Ancak Foucault’un bu konuda yaklaştığı, dokunduğu, biraz da sarstığı yer “kendilik” kavramı bağlamında, kendi kendimize kurduğumuz tahakküm ilişkisidir.
Kendi özgürlüğümüzü denetlemek.
Kendi arzularımızı dizginlemek.
Bir özgürlük pratiği olarak kendi kendimle ilişkimi nasıl düzenliyorum veya nasıl düzenlerim, ya da nasıl düzenlersem hem kendim olabilirim, hem de öteki ile ilişkilerimi bir hale yola koyabilirim?
Kendi kendimizle ne yatay ne dikey bir ilişkimiz var. Kendi kendimizle ilişkimiz dalgalıdır. Çünkü her zaman pozisyon alırız, bu bir zorunluluktur (şurada durulur, bu söylenir, böyle davranılır vb.). Rollerimiz vardır (anne, baba, iş arkadaşı vb.). Bütün bunlar iktidar ilişkilerinin (bütün etkileşimlerimizde, siyasi yapıda vb.), tahakküm etkileşimleri ağının içinde gerçekleşir.
Hiçbir zaman kendimizle bir müsabakada değilizdir ama bir kendilik kaygımız vardır. Kendilik kaygımız etik bir pratiğin, yani özgürlük pratiğinin de hayata geçirilmesidir. Ama kendimize hem engel koyup hem nasıl özgür olabiliriz?
Kendimizle ilgileniriz. Hatta en çok kendimizle ilgileniriz. Ama bu ilgilenme kendimize aşıklık (narsizm), bir tür egoizm anlamı taşımaz, en azından taşımamalı. O zaman kendimi yönetmek diye bir şey kalmıyor ortada.
Benim burada kendimin rakibi olduğum tezi kendimizle kurduğumuz ilişkide etik bir önceliktir. Yani kendini düşünürken başkasını düşünen bir kendilik kaygısı tezidir.
Kendimle ilgili sağlıklı biçimde kaygı duyuyorsam, yani kendimin ne olduğu ile ilgili bilgi sahibiysem, bir kentte yurttaş olmanın, bir evde o evin varlık sebebi olmanın kendim için ne anlam ifade ettiğini, nelerden korkup nelerden korkmamam gerektiğini, neleri ummamın benim için uygun olduğunu, buna karşılık nelerin beni hiç ilgilendirmemesi gerektiğini biliyorsam, nihayetinde ölümden korkmamak gerektiğini de biliyorumdur; böylece kendi iktidarımı başkaları üzerinden istismarcı bir biçimde kullanamam.
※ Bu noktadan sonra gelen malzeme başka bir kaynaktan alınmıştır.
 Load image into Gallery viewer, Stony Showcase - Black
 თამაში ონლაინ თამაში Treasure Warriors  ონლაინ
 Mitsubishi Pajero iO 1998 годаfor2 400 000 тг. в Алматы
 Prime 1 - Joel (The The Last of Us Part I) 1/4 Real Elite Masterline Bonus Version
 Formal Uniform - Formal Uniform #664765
Daha ilerisi kendi iktidarımı kendim aleyhime kullanmam.
Kendi selametimizi ararız çünkü kendimizle ilgili kaygılarımız vardır.
Yaşamak için kendimize ihtiyacımı vardır.
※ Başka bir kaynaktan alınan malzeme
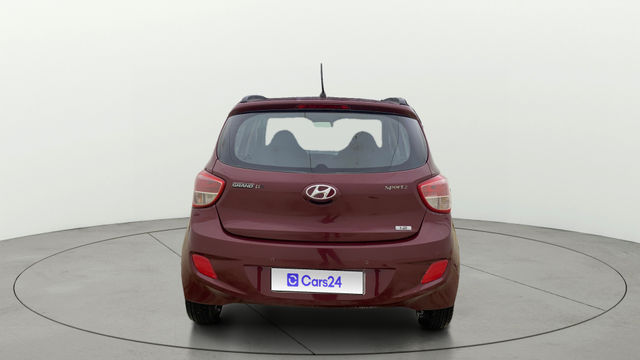 Image Used Car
Asıl sorun kendimize karşı kendi direnişimizi neden, nasıl, ne ölçüde örgütleyeceğiz?
Herkes kendi kendisiyle uğraşmalı evet... Bu nasıl sağlanabilir ki? Kendine özen göstererek. Kendimizin danışmanı, pedagogu ve vicdan yönlendiricisi olarak. Bunlarla kurarız aslında kendimizle mücadeleyi ve bu mücadele bana beni verir.
Eğer ben kendimi yönetemiyorsam bir başkasına ne söyleyebilirim?
Ben veya öteki, baba veya anne, arkadaş, dost, iş arkadaşı, yönetici şu veya bu kimse, görevlerinin ve sorumluluklarının ne olduğunu eksiksiz bilme noktasında kendisi için kaygı duyuyorsa, diğerleri ile ilişkilerinin olması gerektiği gibi seyrettiğini görecektir.
Özgürlük ve ilerleme insanın kendini yönetmesiyle başlar.